Randy West would definitely be able to answer whether SWEEP currently uses a studio audience. Mr. West, that's your cue. . . :)
Doug
Matt Ottinger:
--- Quote ---Randy West would definitely be able to answer whether SWEEP currently uses a studio audience. Mr. West, that's your cue. . . :)
--- End quote ---
I'll save him the trouble, since I've been in the studio. There's not even ROOM for an audience.
uncamark:
--- Quote ---I know SWEEP had a studio audience during the Lifetime years, but since they changed the way the contestants come out for the current production it's hard to tell nowadays.
--- End quote ---
They did have an audience for the entire show for the first week or two of taping. After that, they started having an audience of the contestant pool for the first half of the show and no audience for the second half--thanks to taping five front games back-to-back (David Ruprecht changes his sweater between each one), sending the unpicked contestants home, having lunch, putting the T shirts on the remaining contestants and then taping five Big Sweeps and end games back-to-back (and Madeline Kozlowski making sure Ruprecht's sweaters are in the same order as in the morning). The clue that there's no audience for the Big Sweep? The fact that there's a back wall where the audience was (or a curtain for the first series). Still, they thought no one would notice and inserted audience shots--and then added insult to injury by having Johnny Gilbert read lines like \"...and our audience is going wild--look at them--do you think they're trying to tell our teams something?\"
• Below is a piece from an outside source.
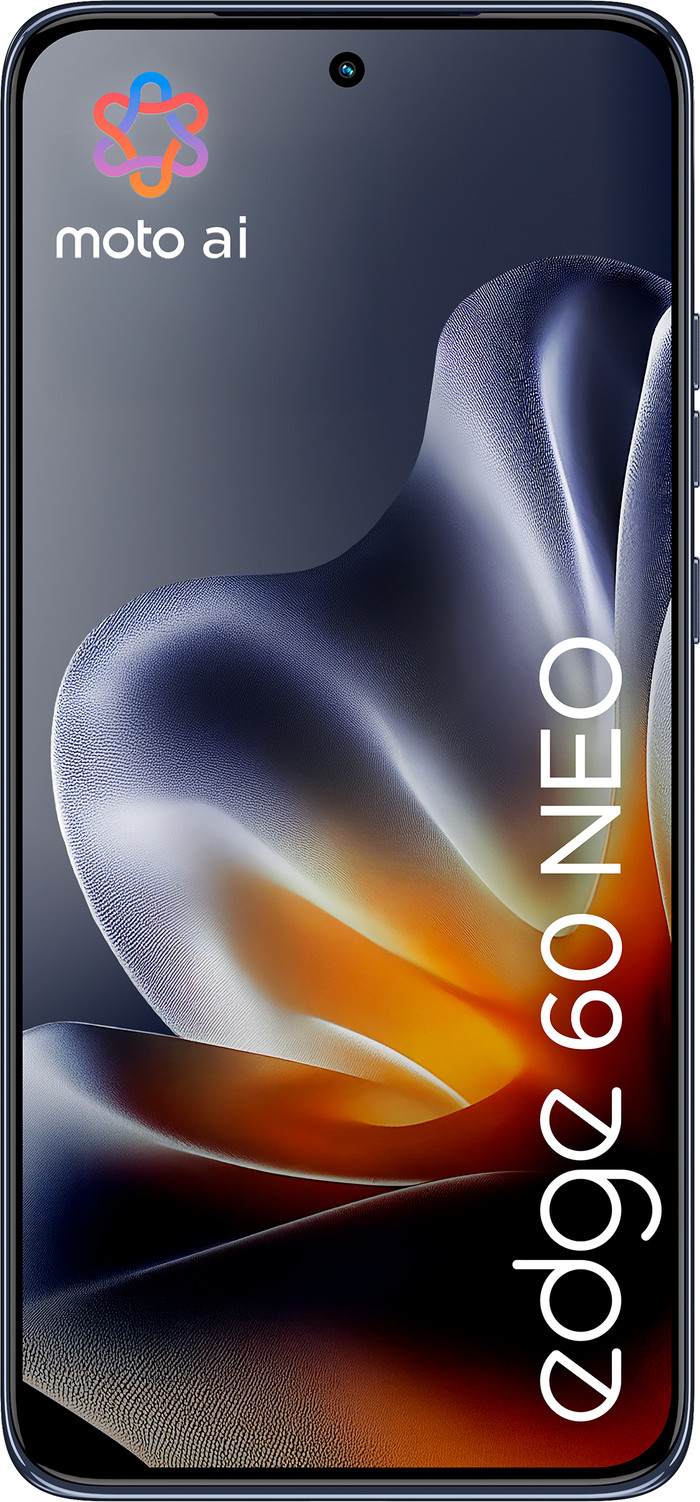 Motorola Edge 60 Neo 256GB Lila 5G vorne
--- Quote ---In my view, it's rare that a show (game or otherwise) would use a studio audience and then drop it later in the run. I know of two examples where a studio audience was used, then dropped--the 1978-79 season of ALL IN THE FAMILY (director Paul Bogart is quoted in a book about directing, \"After we dropped the audience in the last year of the show and it was all laugh-tracked, I didn't enjoy that very much\")
--- End quote ---
Carroll O'Connor wanted more time to actually tape the show (closer to a film schedule) then the two tapings with two sets of audiences every week. What they supposedly did(according to the voice-over at the end of the show) was bring in an audience to view the finished tape and record their response (similar to how one-camera sitcoms got responses before Charley Douglass invented his Laff Box). This stayed all the way through \"Archie Bunker's Place.\" It wasn't canned, but Bogart had to remind the actors to pause for the laughs that would come in later.
SRIV94:
--- Quote ---Carroll O'Connor wanted more time to actually tape the show (closer to a film schedule) then the two tapings with two sets of audiences every week. What they supposedly did(according to the voice-over at the end of the show) was bring in an audience to view the finished tape and record their response (similar to how one-camera sitcoms got responses before Charley Douglass invented his Laff Box). This stayed all the way through \"Archie Bunker's Place.\" It wasn't canned, but Bogart had to remind the actors to pause for the laughs that would come in later.
--- End quote ---
There very well may have been live reactions interspersed, but most of the clapping for the 1978-79 AITF season was tracked (most of the Tandem/TAT shows at Metromedia went to that particular audience track in the fall of 1978--THE JEFFERSONS and GOOD TIMES are possible exceptions). You may very well be correct about them doing it that way for ARCHIE BUNKER'S PLACE--since they moved out of Metromedia and back to CBS TV City for those shows the reactions were altogether different.
And as a trivial aside, it was Carroll O'Connor himself doing that voiceover, over a rerecorded version (a half step slower and a lot thinner) of \"Remembering You.\"
Doug
DJDustman:
Does Lingo, Wintuition and Friend or Foe have a Studio Audience?